### Supplied material
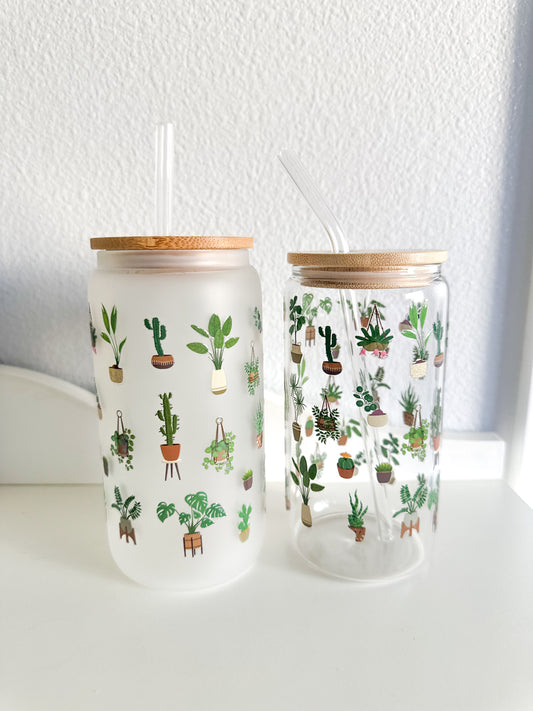 Plant lover glass cup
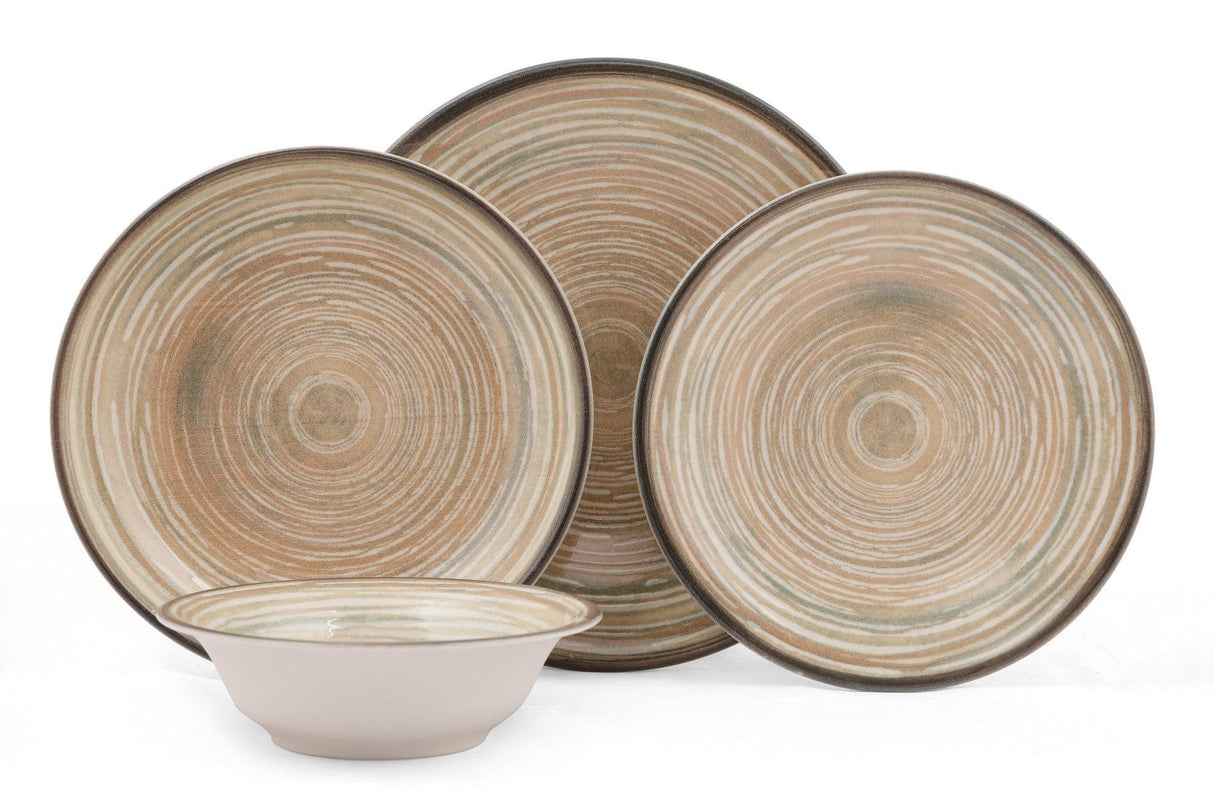 Serviciu de masa, 24 piese, Portelan, Gri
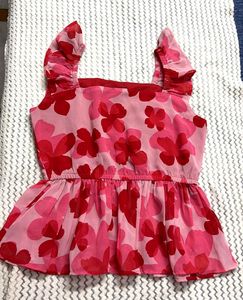Pink & Red Floral Peplum Top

### Exercise details
Apart from the pictures, restate all of the listing above exactly.

### Final answer
 Plant lover glass cup
 Serviciu de masa, 24 piese, Portelan, Gri
Pink & Red Floral Peplum Top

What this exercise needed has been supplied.